Objective-C Language

Structs

Syntax#

  • typedef struct { typeA propertyA; typeB propertyB; … } StructName

Remarks#

In Objective C, you should almost always use an object instead of a struct. However, there are still cases where using a struct is better, such as:

  • When you’re going to be creating and destroying a lot of values of the (struct) type, so you need good performance and small memory usage
  • Structs are faster to create and use because when calling a method on an object, the method has to be determined at runtime
  • Structs take up less size because objects have an extra property isa, which holds their class
  • When the value has only a couple of properties and a small total size (take CGSize; it has 2 floats which are 4 bytes each, so it can take up 8 bytes), and is going to be used a lot (ties in with the first point)
  • When you could use unions or bitfields, and importantly, need the size saved by them because you need small memory usage (ties in with the first point)
  • When you really want to store an array inside of the struct, since Objective-C objects can’t directly store C-arrays. However, note that you can still “indirectly” get an array in an Objective-C object by making it a reference (i.e. type * in place of the C-array type[])
  • When you need to communicate with some other code, such as a library, that’s coded in C; structs are fully implemented in C but objects are not

CGPoint

One really good example of a struct is CGPoint; it’s a simple value that represents a 2-dimensional point. It has 2 properties, x and y, and can be written as

typedef struct {
    CGFloat x;
    CGFloat y;
} CGPoint;

If you used Objective-C for Mac or iOS app development before, you’ve almost certainly come across CGPoint; CGPoints hold the position of pretty much everything on screen, from views and controls to objects in a game to changes in a gradient. This means that CGPoints are used a lot. This is even more true with really performance-heavy games; these games tend to have a lot of objects, and all of these objects need positions. These positions are often either CGPoints, or some other type of struct that conveys a point (such as a 3-dimensional point for 3d games).

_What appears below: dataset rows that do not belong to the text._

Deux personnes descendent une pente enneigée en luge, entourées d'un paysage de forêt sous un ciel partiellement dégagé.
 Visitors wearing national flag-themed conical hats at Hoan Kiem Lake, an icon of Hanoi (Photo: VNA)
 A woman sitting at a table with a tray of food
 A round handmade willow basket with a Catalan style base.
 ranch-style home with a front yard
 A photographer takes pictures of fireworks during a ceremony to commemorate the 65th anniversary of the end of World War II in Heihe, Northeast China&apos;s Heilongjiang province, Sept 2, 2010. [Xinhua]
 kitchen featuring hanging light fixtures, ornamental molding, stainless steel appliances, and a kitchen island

Points like CGPoint could easily be represented as objects, like

@interface CGPoint {
    CGFloat x;
    CGFloat y;
}

... //Point-related methods (e.g. add, isEqualToPoint, etc.)

@property(nonatomic, assign)CGFloat x;
@property(nonatomic, assign)CGFloat y;

@end

@implementation CGPoint

@synthesize x, y;

...

@end

However, if CGPoint was used in this way it would take a lot longer to create and manipulate points. In smaller, faster programs this wouldn’t really cause a difference, and in those cases it would be OK or maybe even better to use object points. But in large programs where points are be used a lot, using objects as points can really hurt performance, making the program slower, and also waste memory, which could force the program to crash.

Defining a Structure and Accessing Structure Members

The format of the struct statement is this:

struct [structure tag]
{
   member definition;
   member definition;
   ...
   member definition;
} [one or more structure variables]; 

Example: declare the ThreeFloats structure:

   typedef struct {
    float x, y, z;
} ThreeFloats;

@interface MyClass
- (void)setThreeFloats:(ThreeFloats)threeFloats;
- (ThreeFloats)threeFloats;
@end

Sending an instance of MyClass the message valueForKey: with the parameter @“threeFloats” will invoke the MyClass method threeFloats and return the result wrapped in an NSValue.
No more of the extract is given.